After several months of being stalked and living under her husband's tight, controlling reins, Stacy Peterson told her husband the marriage was over. In October 2007, Stacy met and consulted with divorce attorney Harry Smith -- ironically, the same lawyer Kathleen Savio hired to represent her when she decided to divorce Peterson.

When Stacy failed to show up at her brother's house that late-October day, family members were concerned, especially her sister Cassandra Cales. Just two days earlier, after a cozy family night of movie and pizza, Stacy warned Cassandra that she planned to leave Peterson and said: "If something happens to me, I just want you to know it was Drew." When Cassandra couldn't reach her missing sister, she went to Stacy's house and found the four children home alone, with no sign of Peterson's car. At the Bolingbrook Police Department, Cassandra filed a missing-person report.

Within 48 hours, camera crews and journalists besieged the once quiet suburban cul-de-sac. Peterson, then a police sergeant, gave them a show -- a bizarre public display including personal attacks on his wife and her family in the wake of her disappearance. The national media covered Peterson's act like a low-life reality TV show. Each day as Peterson left his house, journalists shoved microphones in his face, hungry for a sound bite for evening crime or news broadcasts. If you were a resident of Illinois during the first three weeks after Stacy vanished, you saw Peterson served up on local, cable and radio programs like a charred chicken flapping its wings almost around the clock.
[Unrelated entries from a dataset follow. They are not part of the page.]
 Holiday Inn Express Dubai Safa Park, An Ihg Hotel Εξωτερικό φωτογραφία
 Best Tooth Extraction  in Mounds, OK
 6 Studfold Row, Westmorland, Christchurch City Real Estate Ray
To me, it seemed Peterson treated Stacy's life like a dirty rag. In his attempts to discredit her, Peterson made comments such as "You know she came from a broken home," or, "Her mother went missing too, so this is not a surprise." Then I heard Peterson say, "Stacy is where she wants to be." My heart sank as I thought of the boys who'd now lost a mother twice.

Seventeen days after Cassandra reported Stacy's disappearance, the Will County State Attorney's Office obtained a court order and exhumed the body of Kathleen Savio. Savio, Peterson's previous wife, was discovered dead in a bathtub in the marital house in 2004. Suddenly, the media and police focus swung from Stacy's disappearance to a new autopsy into the cause of Kathleen's death. The effort to find Stacy lost its momentum. The ground began to freeze, making the search more difficult for family and teams of volunteers. And the media remained hooked on Drew's public displays and his love life, leaving no time to find answers or enlist the public's help in finding Stacy.
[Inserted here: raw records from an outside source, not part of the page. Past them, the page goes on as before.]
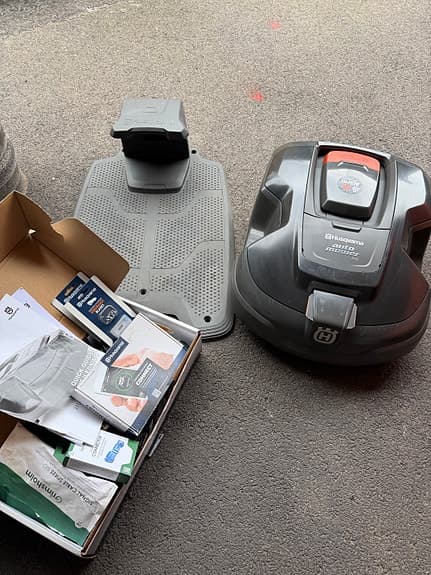 Husqvarna Automower 310 - Låg drifttid (3500 h). Connect Kit 3G Bluetooth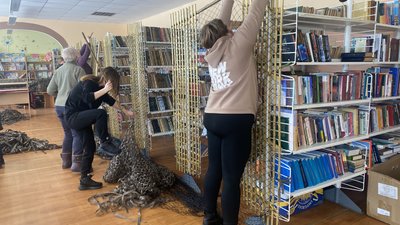 Волонтери Миколаївщини створюють маскувальні сітки за унікальною технологією Волонтери Миколаївщини створюють маскувальні сітки за унікальною технологією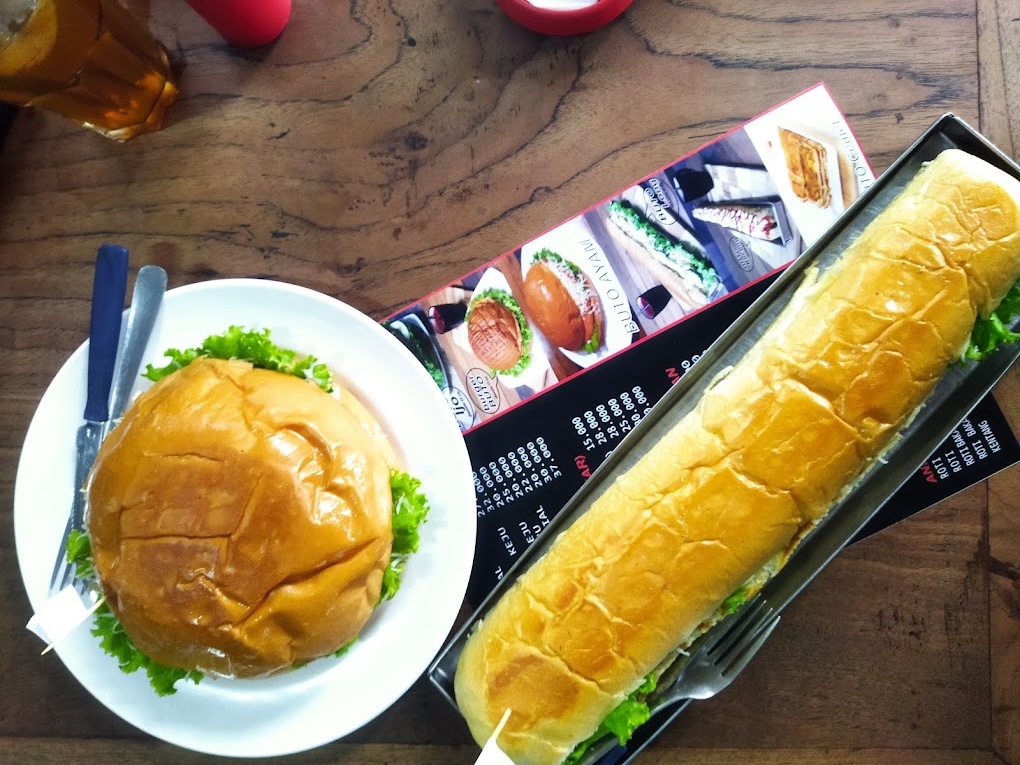 Terdapat pilihan lain di Burger Buto (JJ).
In the months that followed, I met with people who knew Stacy personally. From the moment she married Drew, Stacy worked to knit a loving family environment, integrating Drew's then-estranged family into the couple's new life. From all accounts, she had a kind, warm and giving heart. People's eyes sparkled when they spoke of her. She made friends and family feel welcome. When a guest didn't show up for a gathering, Stacy called urged, "Come on," one relative recalled. "We're holding dinner, where are you? We're not starting until you get here."

Another told me: "Stacy was the glue, and that's why her disappearance is so painful to those of us who knew her."

Stacy Peterson's dream was to be a loving wife and mother, an all-around nurturer. She enrolled in nursing classes at a local college. When Stacy could no longer live under Peterson's heavy-handed control and constant watch, she made plans to leave. But like many women in her position, she made a mistake. She told her husband what she planned before she moved to a place where she'd be safe from him.

Stacy was silenced in the prime of her life. But there can be no silencing of family and friends who will continue to search for her until she is found. A grand jury met for 18 months before handing down an indictment against Drew Peterson for the death of Kathleen Savio.

I believe when that trial begins, the long silence about how Kathleen Savio lost her life will be lifted and the truth about how Stacy died will also be revealed. During the trial, thanks to Illinois' new hearsay law, Stacy Peterson's words will finally be heard.